Before we move totally away from our datesub.ex example, let's finish it off by adding some finishing touches and making use of optional parameters. Again, please go back and look at the Shared Library version of datesub.ex before continuning so that you can see how we have changed things.

-- datesub.ex
include std/cmdline.e  -- command line parsing
include std/datetime.e -- now() and format()
include std/io.e       -- read_file() and write_file()
include std/map.e      -- map accessor functions (get())
include std/search.e   -- match_replace()

sequence cmdopts = {
    { "f", 0, "Date format", { NO_CASE, HAS_PARAMETER, "format" } }
}

public function preprocess(sequence inFileName, sequence outFileName,
        sequence options={})
    map opts = cmd_parse(cmdopts, options)
    sequence content = read_file(inFileName)

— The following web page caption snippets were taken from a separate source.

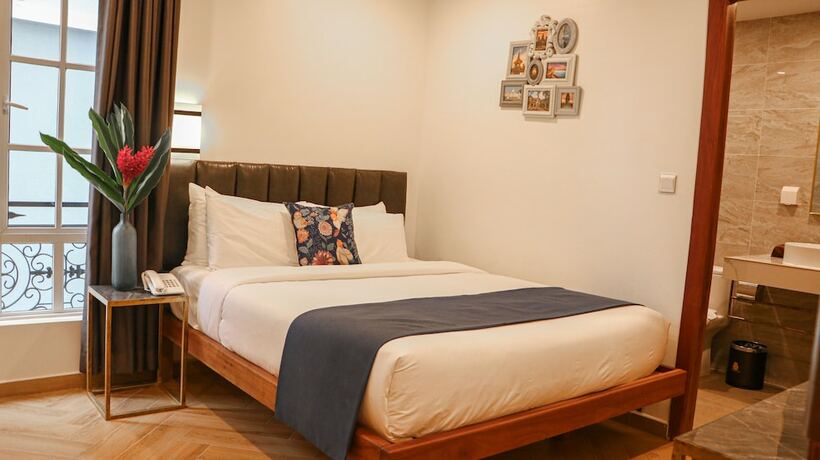 Imagen de la habitación del Hotel Mettavary. Foto 16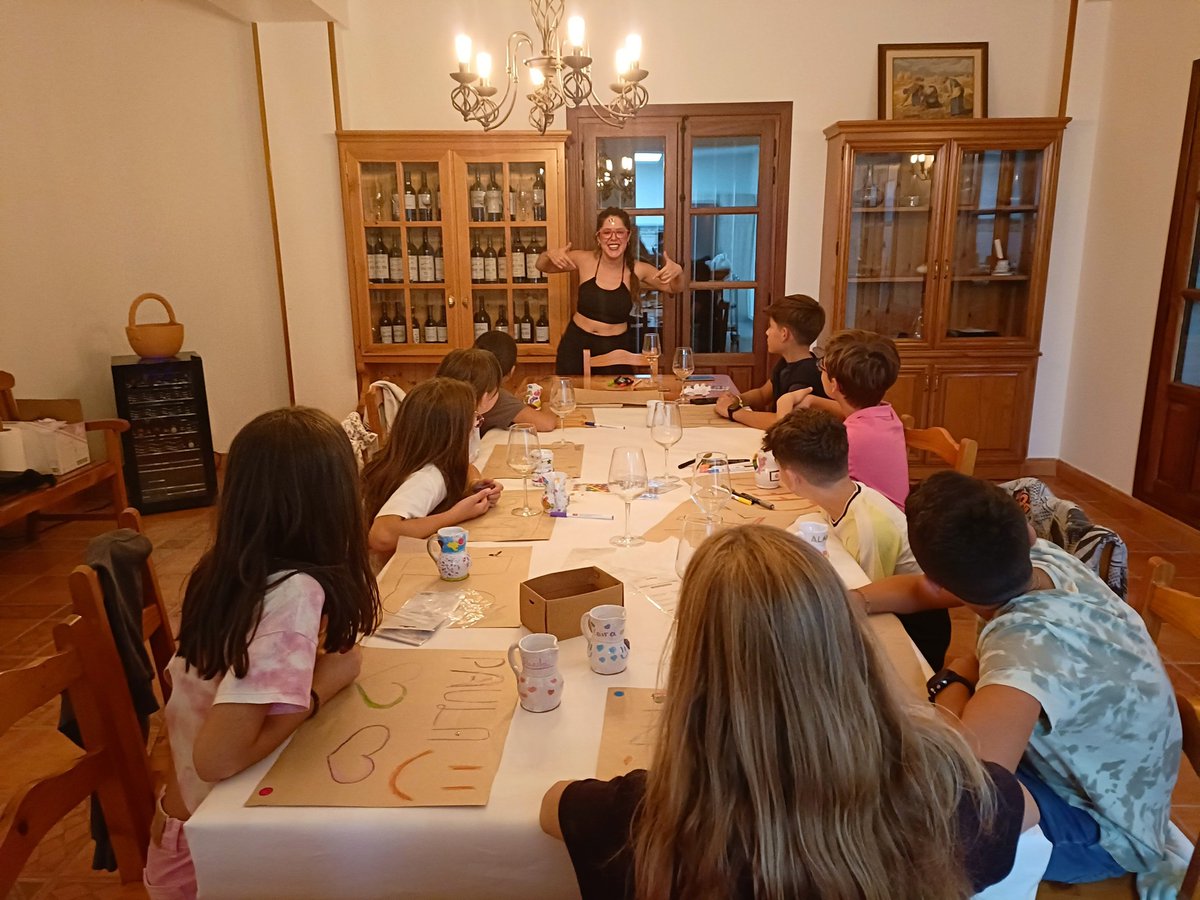 Bajo el cielo de Peñafiel, la magia volvió con la Cata de Estrellas en nuestra bodega Teófilo Reyes.

Vino, cultura y astronomía unidos en una noche inolvidable en Ribera del Duero. 🍷✨

Gracias a Bodega La Olmilla, Telalandia y Óscar y Pablo por hacerlo posible.

#Enoturismo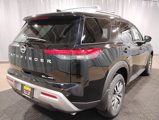 New 2025 Nissan Pathfinder SL image 3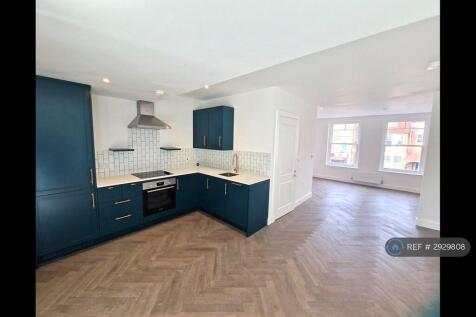 Sizeable Kitchen And Living Area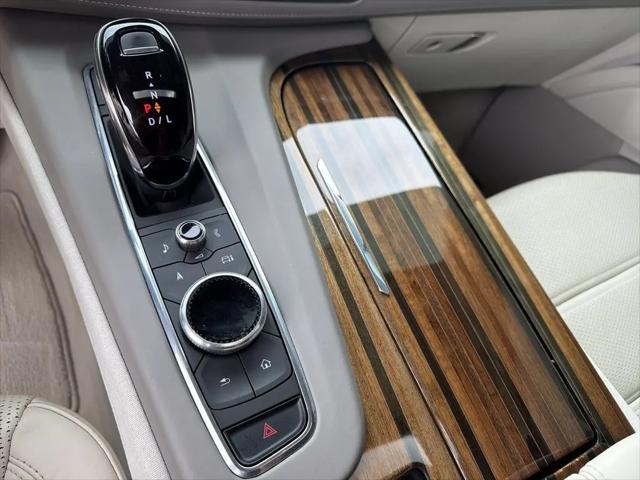 2023 Cadillac Escalade 4WD Premium Luxury Platinum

    content = match_replace("@DATE@", content, format(now(), map:get(opts,
"f")))

    write_file(outFileName, content)

    return 0
end function

ifdef not EUC_DLL then
    cmdopts = {
        { "i", 0, "Input filename", { NO_CASE, MANDATORY, HAS_PARAMETER,
"filename"} },
        { "o", 0, "Output filename", { NO_CASE, MANDATORY, HAS_PARAMETER,
"filename"} }
    } & cmdopts

    map opts = cmd_parse(cmdopts)
    preprocess(map:get(opts, "i"), map:get(opts, "o"),
        "-f " & map:get(opts, "f", "%Y-%m-%d"))
end ifdef

Here we simply used cmdline.e to handle the command line parsing for us giving out command line program a nice interface, such as parameter validation and an automatic help screen. At the same time we also added a parameter for the date format to use. This is optional and if not supplied, %Y-%m-%d is used.

The final version of datesub.ex and thedate.ex are located in the demo/preproc directory of your Euphoria installation.

6.8.5.2 Others

TODO: this needs done still.

Euphoria includes two more demos of pre-processors. They are ETML and literate. Please explore demo/preproc for these examples and explanations.

Other examples of pre-processors include
  • eSQL - Allows you to include a .sql file directly. It parses CREATE TABLE and CREATE INDEX statements building common methods to create, destroy, get by id, find by any index, add, remove and save entities.
  • make40 - Will process any 3.x script on the fly making sure that it will run in 4.x. It does this by converting variables, constants and routine names that are the same as new 4.x keywords into something acceptable to 4.x. Thus, 3.x programs can run in the 4.x interpreter and translator with out any user intervention.
  • dot4 - Adds all sorts of syntax goodies to Euphoria such as structured sequence access, one line if statements, DOT notation for any function/routine call, design by contract and more.
Other Ideas
  • Include a Windows .RC file that defines a dialog layout and generate code that will create the dialog and interact with it.
  • Object Oriented system for Euphoria that translates into pure Euphoria code, thus has the raw speed of Euphoria.
  • Include a Yacc, Lex, ANTLR parser definition directly that then generates a Euphoria parser for the given syntax.
  • Instead of writing interpreters such as a QBasic clone, simply write a pre-processor that converts QBasic code into Euphoria code, thus you can run eui -p bas:qbasic.ex hello.bas directly.
  • Include a XML specification, which in turn, gives you nice accessory functions for working with XML files matching that schema.

If you have ideas of helpful pre-processors, please put the idea out on the forum for discussion.